Komisioner Komnas Perempuan, Alimatul Qibtiyah, mengungkapkan terbentuknya Satgas PPKS di masing-masing universitas menunjukkan bahwa perguruan tinggi semakin peduli terhadap pencegahan kekerasan seksual (KS). “Dari 125 PTN di Indonesia, semuanya sudah memiliki Satgas PPKS, sedangkan dari 4.000 kampus swasta sekitar 60 persennya,” ungkapnya.
Meski demikian, sosialisasi bagi seluruh sivitas kampus terkait kategori dan klasifikasi KS masih perlu untuk ditingkatkan, mulai dari KS secara verbal maupun fisik. “Semakin banyak sivitas yang paham tentang apa saja yang masuk dalam kategori KS, maka lingkungan kampus yang aman dan terbebas dari KS akan tercapai,” jelas Alimatul.

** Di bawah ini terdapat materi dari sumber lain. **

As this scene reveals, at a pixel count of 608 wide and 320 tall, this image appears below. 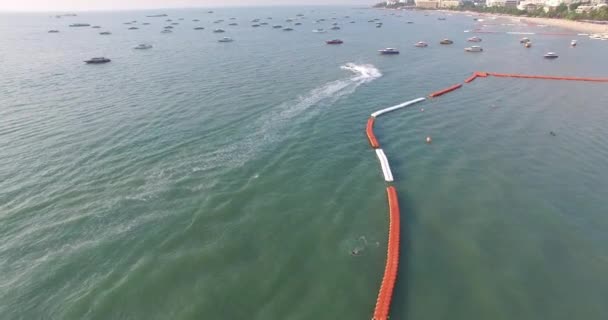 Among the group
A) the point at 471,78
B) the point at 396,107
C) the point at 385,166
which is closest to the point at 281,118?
the point at 385,166

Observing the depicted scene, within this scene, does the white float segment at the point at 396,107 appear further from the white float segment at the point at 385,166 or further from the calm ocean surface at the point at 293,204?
the white float segment at the point at 385,166

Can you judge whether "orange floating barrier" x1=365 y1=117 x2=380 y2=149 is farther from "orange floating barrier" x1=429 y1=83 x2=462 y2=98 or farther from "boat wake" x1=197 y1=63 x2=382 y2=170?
"orange floating barrier" x1=429 y1=83 x2=462 y2=98

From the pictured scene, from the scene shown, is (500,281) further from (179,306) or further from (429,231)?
(179,306)

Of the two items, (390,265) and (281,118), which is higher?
(281,118)

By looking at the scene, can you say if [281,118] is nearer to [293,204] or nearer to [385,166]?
[385,166]

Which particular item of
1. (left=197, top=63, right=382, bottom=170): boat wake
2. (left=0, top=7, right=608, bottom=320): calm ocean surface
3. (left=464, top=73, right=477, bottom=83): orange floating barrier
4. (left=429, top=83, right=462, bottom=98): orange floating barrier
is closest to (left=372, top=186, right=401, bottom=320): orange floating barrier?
(left=0, top=7, right=608, bottom=320): calm ocean surface

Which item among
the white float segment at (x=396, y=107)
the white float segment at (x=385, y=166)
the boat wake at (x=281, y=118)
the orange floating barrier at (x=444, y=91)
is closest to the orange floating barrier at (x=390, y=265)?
the white float segment at (x=385, y=166) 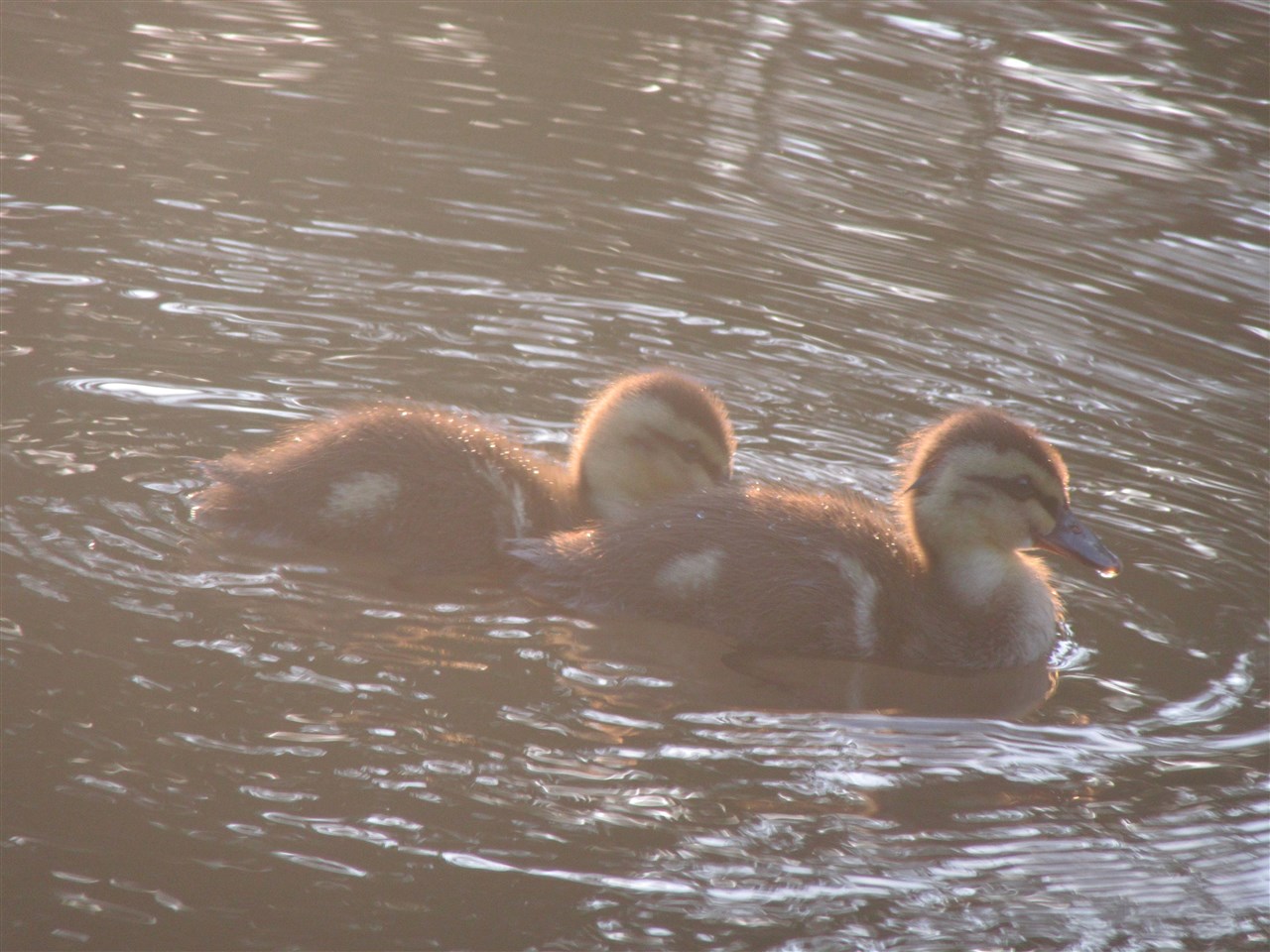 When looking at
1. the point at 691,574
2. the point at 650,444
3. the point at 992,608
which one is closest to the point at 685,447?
the point at 650,444

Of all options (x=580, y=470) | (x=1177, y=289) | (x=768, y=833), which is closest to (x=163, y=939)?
(x=768, y=833)

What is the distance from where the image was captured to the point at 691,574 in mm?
4621

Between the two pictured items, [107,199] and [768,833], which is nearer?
[768,833]

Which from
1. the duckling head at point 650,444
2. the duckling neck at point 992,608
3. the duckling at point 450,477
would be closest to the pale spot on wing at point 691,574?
the duckling head at point 650,444

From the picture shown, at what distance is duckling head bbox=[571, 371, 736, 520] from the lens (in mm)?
5047

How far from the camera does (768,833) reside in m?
3.60

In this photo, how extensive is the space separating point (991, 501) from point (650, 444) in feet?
3.39

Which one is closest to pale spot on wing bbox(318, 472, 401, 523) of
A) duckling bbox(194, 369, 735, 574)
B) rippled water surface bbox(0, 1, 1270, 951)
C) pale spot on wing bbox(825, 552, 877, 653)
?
duckling bbox(194, 369, 735, 574)

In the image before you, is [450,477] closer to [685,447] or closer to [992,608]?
[685,447]

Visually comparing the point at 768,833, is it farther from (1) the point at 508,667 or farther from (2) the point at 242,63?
(2) the point at 242,63

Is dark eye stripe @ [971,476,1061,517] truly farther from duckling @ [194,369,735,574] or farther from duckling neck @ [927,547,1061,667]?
duckling @ [194,369,735,574]

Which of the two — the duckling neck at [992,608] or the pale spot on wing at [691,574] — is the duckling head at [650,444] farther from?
the duckling neck at [992,608]

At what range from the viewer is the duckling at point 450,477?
4.77 metres

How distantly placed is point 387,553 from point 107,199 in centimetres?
316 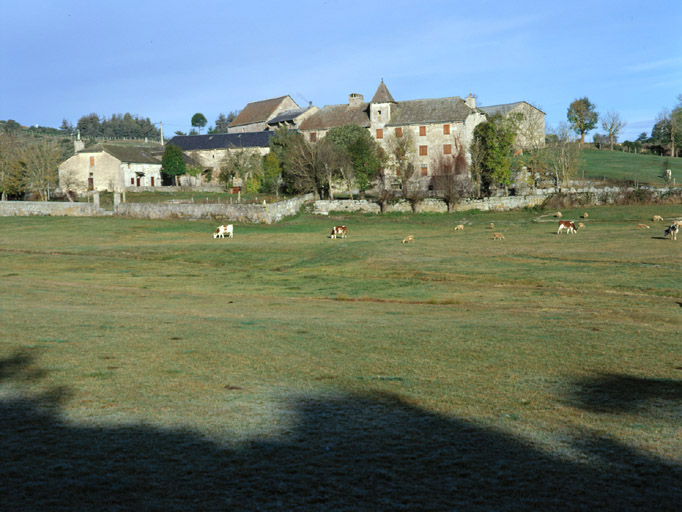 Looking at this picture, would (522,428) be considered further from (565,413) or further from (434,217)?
(434,217)

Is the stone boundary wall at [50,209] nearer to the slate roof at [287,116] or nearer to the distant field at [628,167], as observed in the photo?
the slate roof at [287,116]

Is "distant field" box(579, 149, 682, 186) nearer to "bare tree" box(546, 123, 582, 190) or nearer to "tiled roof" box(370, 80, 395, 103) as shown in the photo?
"bare tree" box(546, 123, 582, 190)

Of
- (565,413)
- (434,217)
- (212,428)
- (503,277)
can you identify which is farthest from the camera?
(434,217)

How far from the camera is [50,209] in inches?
3305

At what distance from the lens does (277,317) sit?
2034 centimetres

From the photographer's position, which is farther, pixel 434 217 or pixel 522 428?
pixel 434 217

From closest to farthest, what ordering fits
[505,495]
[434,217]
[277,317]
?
[505,495]
[277,317]
[434,217]

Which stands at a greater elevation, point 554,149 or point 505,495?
point 554,149

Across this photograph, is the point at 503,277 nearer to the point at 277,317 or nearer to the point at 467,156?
the point at 277,317

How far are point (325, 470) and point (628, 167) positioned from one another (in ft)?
399

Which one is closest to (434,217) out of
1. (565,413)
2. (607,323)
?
(607,323)

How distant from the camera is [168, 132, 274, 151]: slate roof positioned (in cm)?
12129

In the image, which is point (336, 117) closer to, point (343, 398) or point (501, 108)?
point (501, 108)

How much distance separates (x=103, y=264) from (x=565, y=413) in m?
37.1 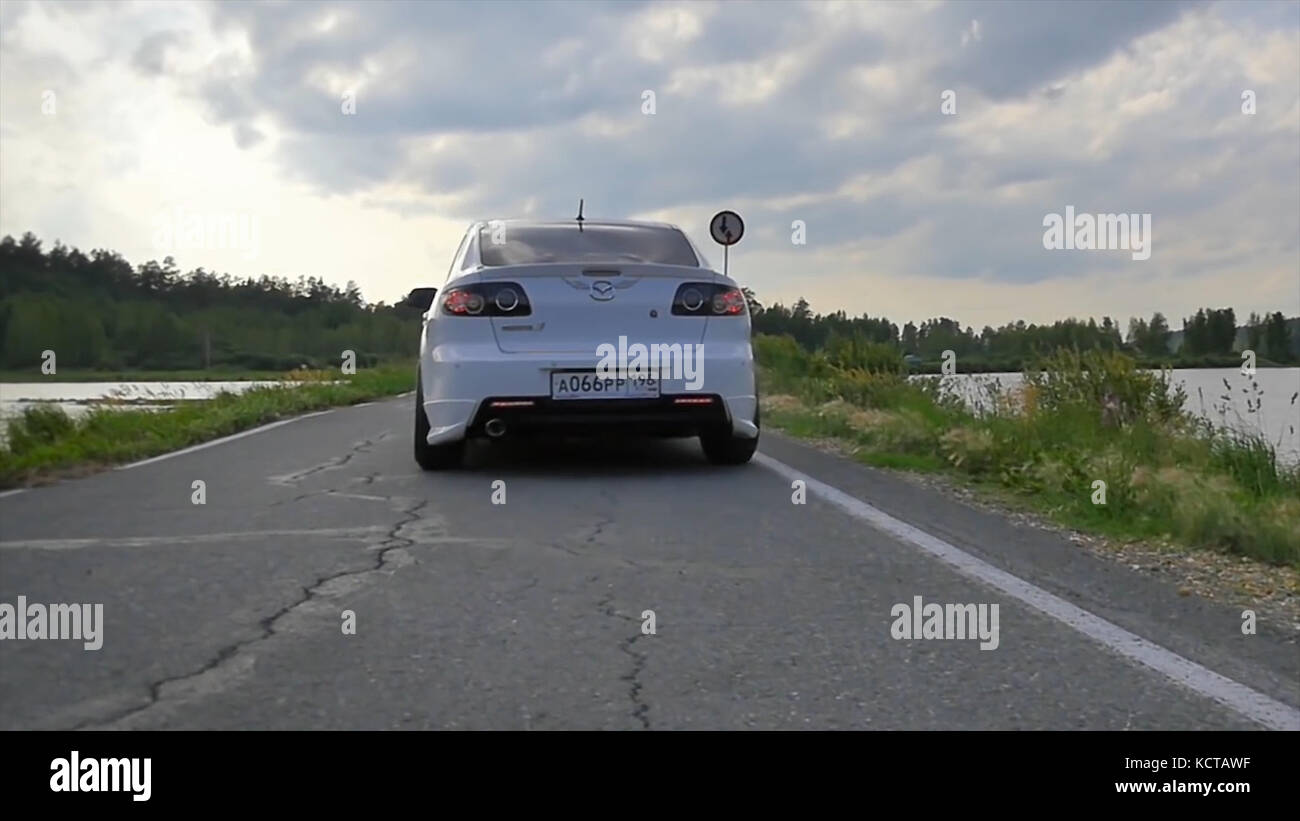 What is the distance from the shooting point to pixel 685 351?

Konferensi Nasional yang pertama ini akan menyajikan 100 makalah dari 152 panelis dan 63 peserta non panelis dari 87 satgas PPKS se-Indonesia. Tidak hanya itu, hasil luaran dari konferensi tidak hanya berhenti sampai di presentasi saja, tetapi akan dimuat dalam jurnal dan diterbitkan dalam sebuah buku. “Bahkan harapan kami, semoga output dari konferensi ini bisa menjadi bahan masukan untuk perbaikan Permendikbudristek Nomor 30 Tahun 2021,” tutup Alimatul.